Ombudsman Services research shows that one in five Londoners is resigned to poor telecom service. It is what we expect, so we don’t complain. The thing is, we should. Disgruntled Londoners claimed back towards £500,000 last year from telecoms companies, so it can even be worth the pain.

Lewis Shand Smith, chief ombudsman at Ombudsman Services, says: “Londoners need to ensure they know their consumer rights and don’t put up with bad service, whatever the sector. Many people feel disillusioned with the service they receive when they complain.”

No kidding. The truth is we don’t want a fight. We want kit that has become essential to our lives to function like it should.

Listening to other people’s tales of telecoms woe is not fun, so I’ll keep the details brief: My TV hadn’t worked properly for weeks.
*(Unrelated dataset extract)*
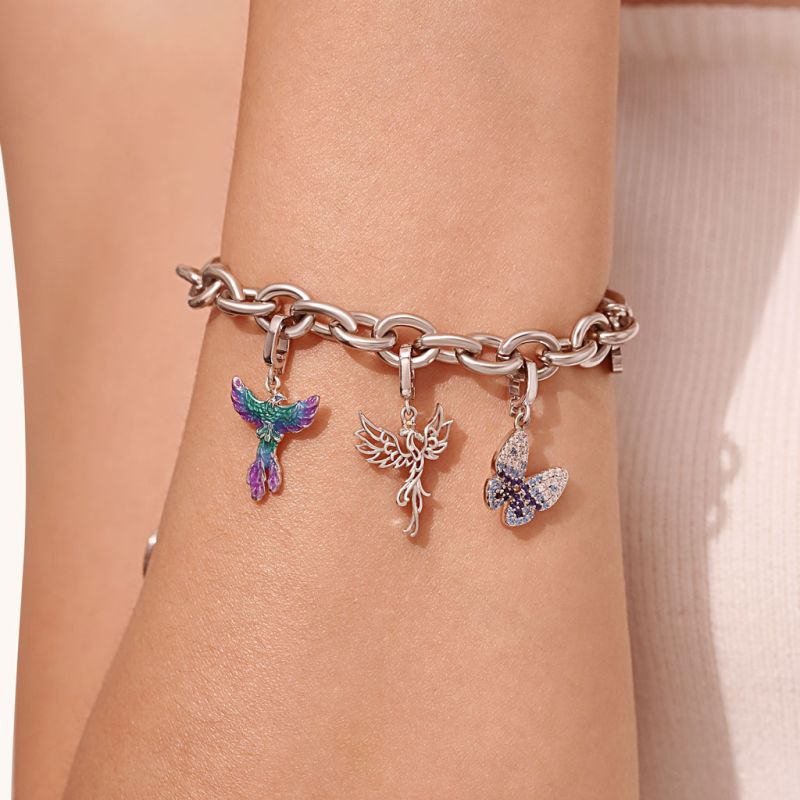 Phoenix Clasp Clusters Charm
After lengthy rows between Sky and BT about who was at fault (the other lot, they both said, repeatedly), it turned out the culprit was a shrub in the backyard, that was, said Sky’s technical expert “too tall”.

What was required to improve the TV connection was a pair of garden shears. The man at Sky said he wasn’t trained in their use, but at least he figured it out, having tried all other options.
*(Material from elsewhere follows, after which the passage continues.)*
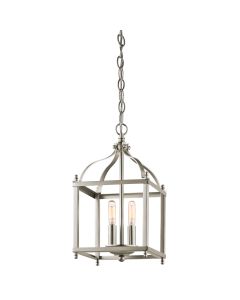 Larkin 2 Light Small Pendant - Brushed Nickel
The entire telecom sector reminds me of life insurers in the bad old days. It sells us something we need, or in many cases are obliged to have. But the business model is about driving new sales, not servicing old ones.

Moreover, like banks 10 years ago, they are all as bad as each other. There is not one that can plausibly claim good service as a differential factor, a reason to go there. We can have flashier kit, more films, newer buttons. Better service? It’s not an option on the drop-down box.

Occasionally, you have a good experience with a firm and think it alone has cracked it. This always turns out to be a one-off, an accident or a particularly able customer assistant. Then you’re back in a logjam again.

Being this inept can’t make sense as a business strategy. Or can it?

The other day, I lost my phone. I cancelled it. I was willing to pay more or less whatever it cost to have a new one up and running the next day, same number. It cannot be done, it seems, despite promises from O2 and Carphone Warehouse that it could be. My question to them was this: How much money do I have to give you before you can get a functioning phone in my hands today? There is no amount of money that could make it happen. It is hard to think of another industry that could operate like this.

In this particular instance, the O2 and Carphone Warehouse stores are next to each other. But far from TalkTalk, they spent the entire afternoon telling me how useless the other lot are. Or framing objections to a solution that basically meant “this is your fault”.

The effect is that, with anger, I am now willing to pay even more than I was to get it sorted.

Perhaps that’s the grubby secret about telecoms: the lack of efficiency for us is where the bulk of the profit lies for them. They have no incentive to make it better.

They make the sales pitch about the difference between a Samsung and an iPhone, persuade us that our choices in this area says something about who we are as people.

The actual bit we want — speed, functionality, proper service — well, that’s not what they do, is it?